### Web page caption snippets
* * *

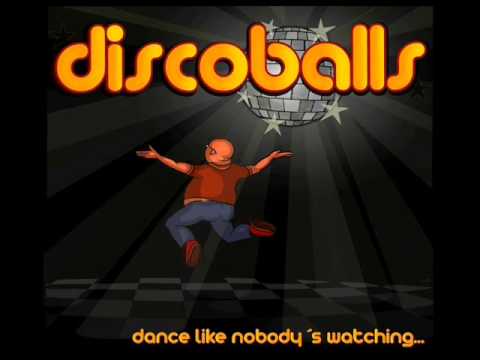Discoballs - Dance Like Nobody's Watching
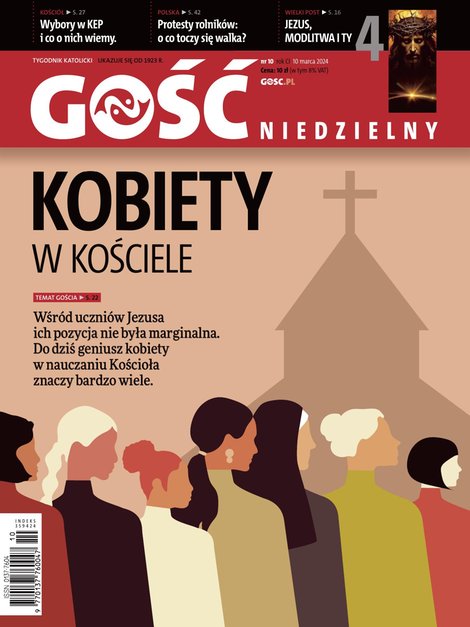 e-prasa: Gość Niedzielny - Łowicki – e-wydanie – 10/2024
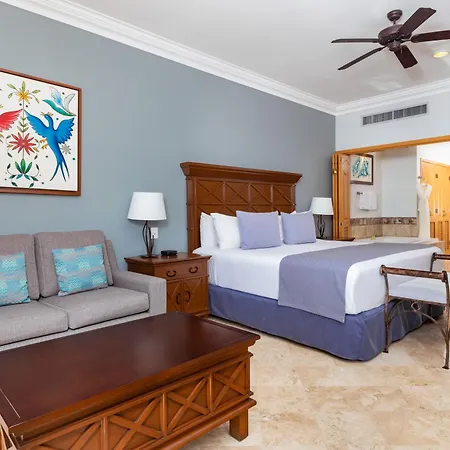 Villa La Estancia Beach Resort & Spa Riviera Nayarit Nuevo Vallarta Room photo
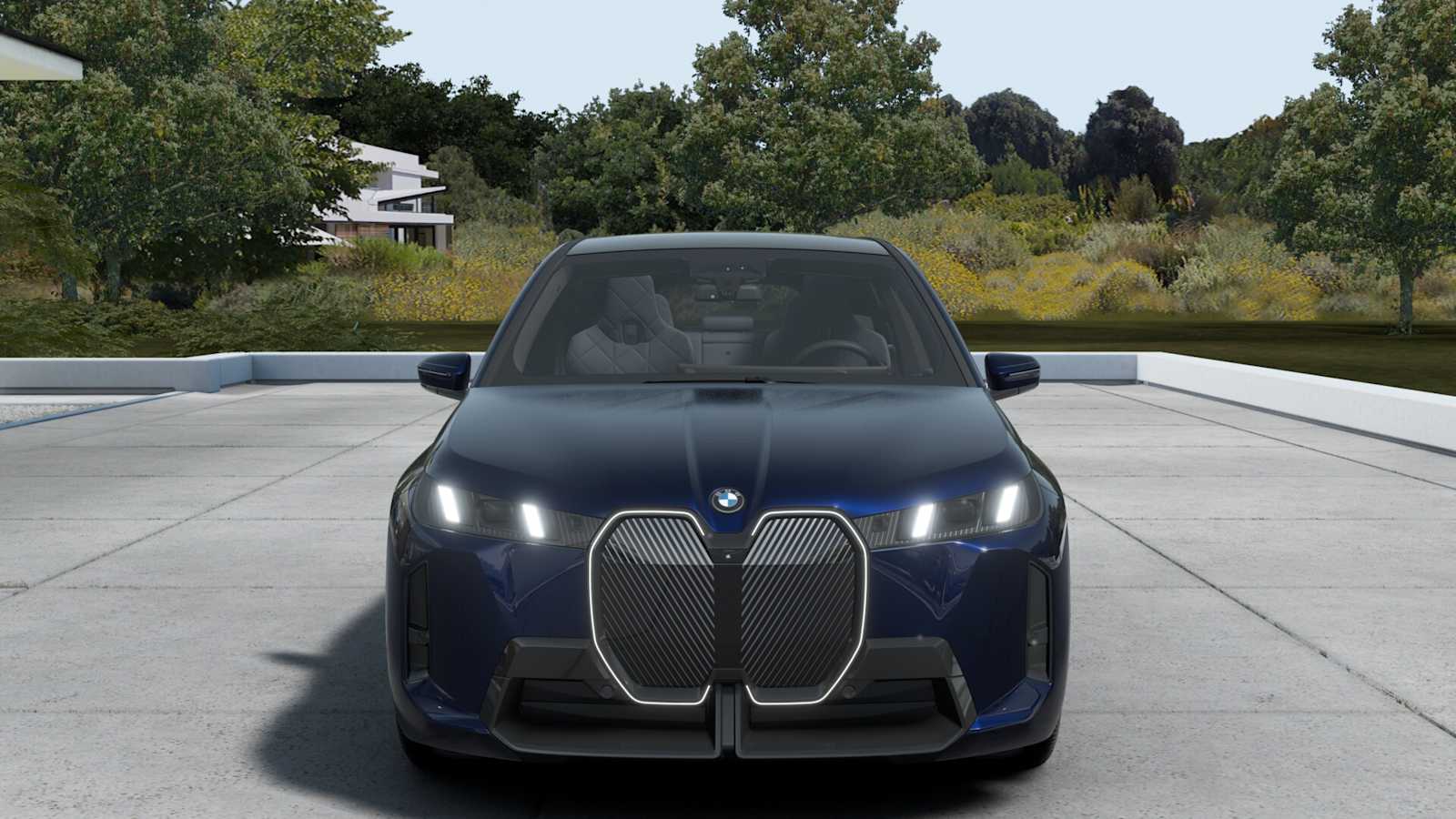2026 Bmw iX photo 2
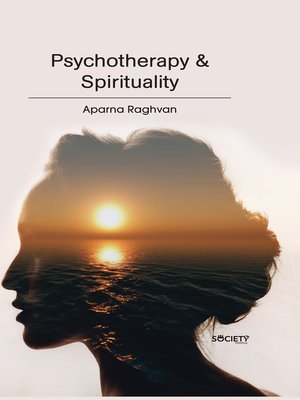 cover image of Psychotherapy & Spirituality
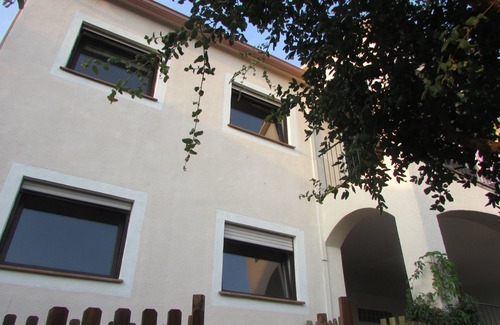 Santa Cristina de Aro Villa | Amplia villa con gran piscina privada y excelentes vistas al mar.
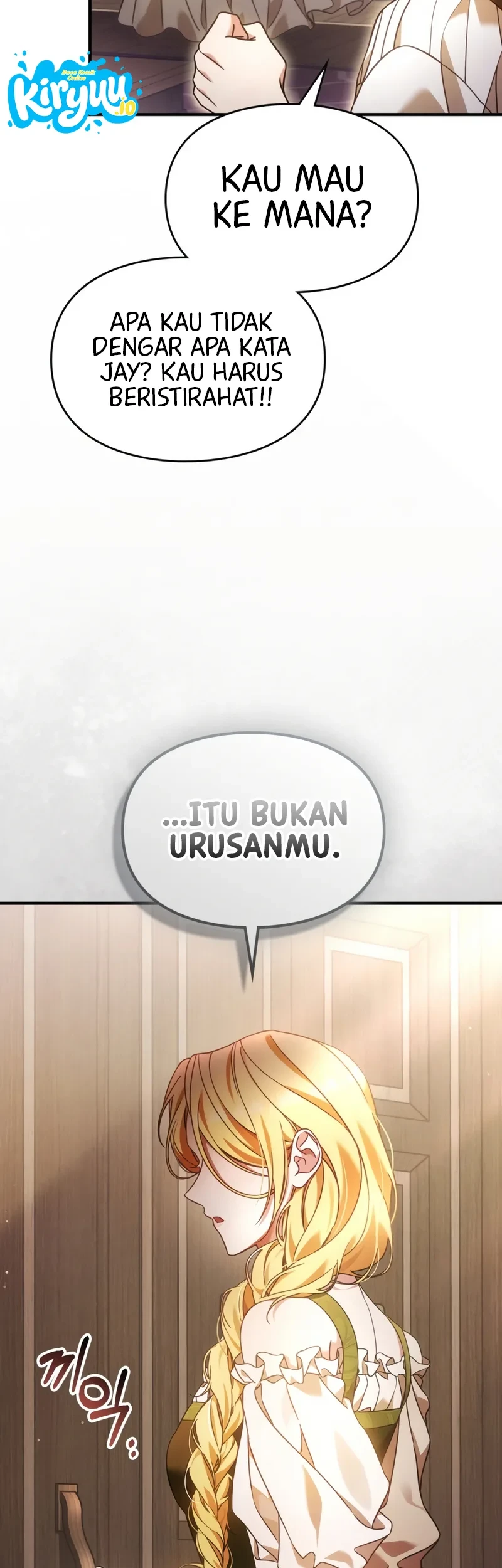 Time Healer Ceres Chapter 2 Gambar 25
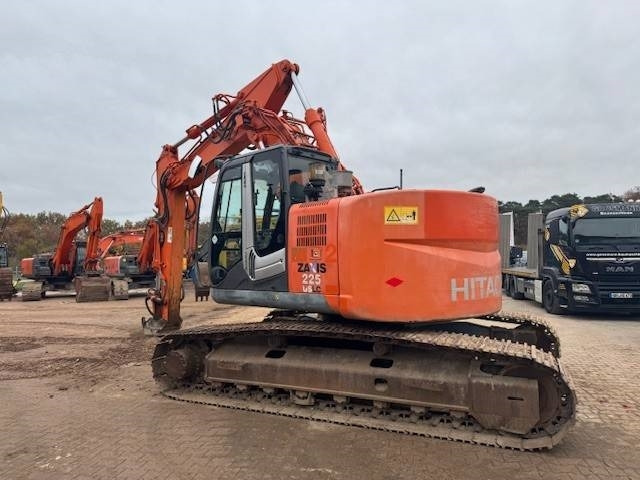 Hitachi ZX 225 US LC - Ekskavator perayap: gambar 2 Hitachi ZX 225 US LC - Ekskavator perayap: gambar 2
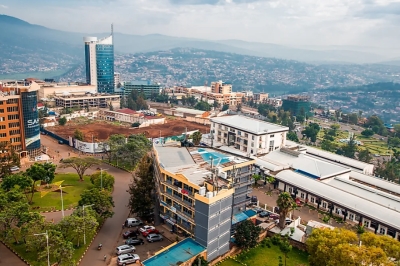 Kigali, Rwanda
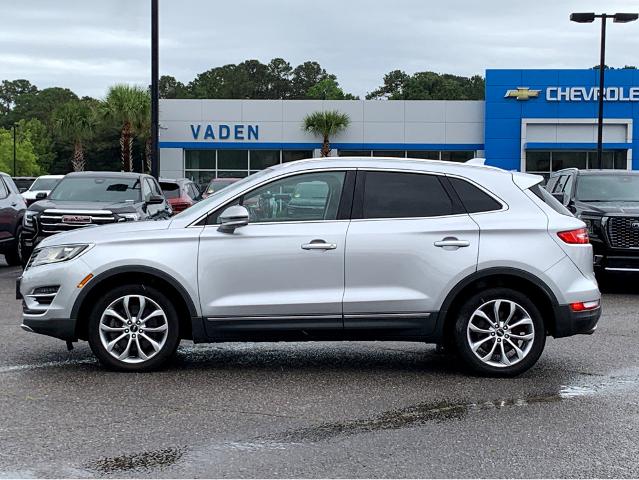 2018 Lincoln MKC Vehicle Photo in BEAUFORT, SC 29906-4218
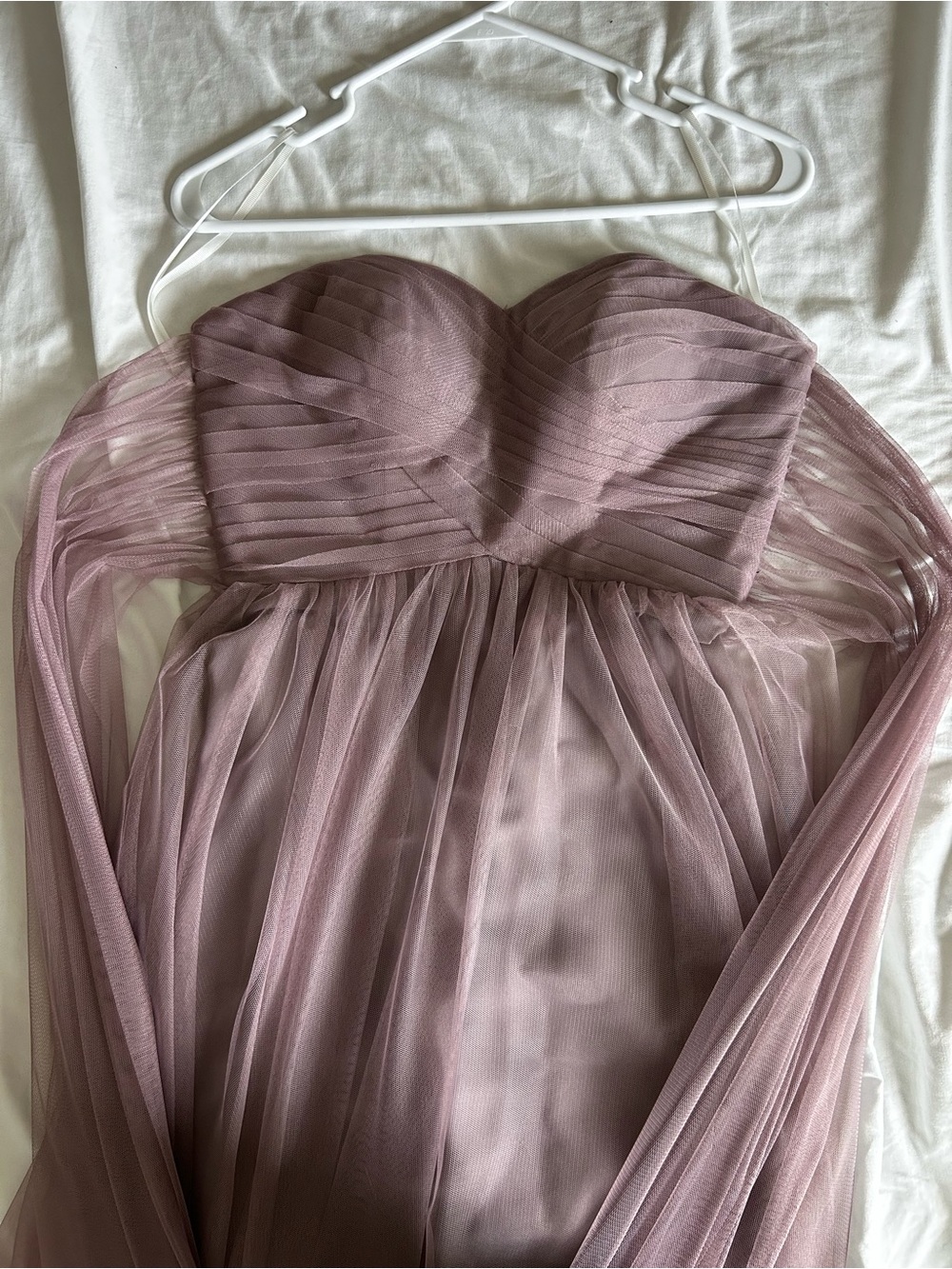 Tulle and Chantilly | Bridesmaid Dress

* * *

### ABOUT THIS EXERCISE
The entries above need to be transcribed word for word, and the pictures stay out.

### RESULT FOR THIS TASK
Discoballs - Dance Like Nobody's Watching
 e-prasa: Gość Niedzielny - Łowicki – e-wydanie – 10/2024
 Villa La Estancia Beach Resort & Spa Riviera Nayarit Nuevo Vallarta Room photo
2026 Bmw iX photo 2
 cover image of Psychotherapy & Spirituality
 Santa Cristina de Aro Villa | Amplia villa con gran piscina privada y excelentes vistas al mar.
 Time Healer Ceres Chapter 2 Gambar 25
 Hitachi ZX 225 US LC - Ekskavator perayap: gambar 2 Hitachi ZX 225 US LC - Ekskavator perayap: gambar 2
 Kigali, Rwanda
 2018 Lincoln MKC Vehicle Photo in BEAUFORT, SC 29906-4218
 Tulle and Chantilly | Bridesmaid Dress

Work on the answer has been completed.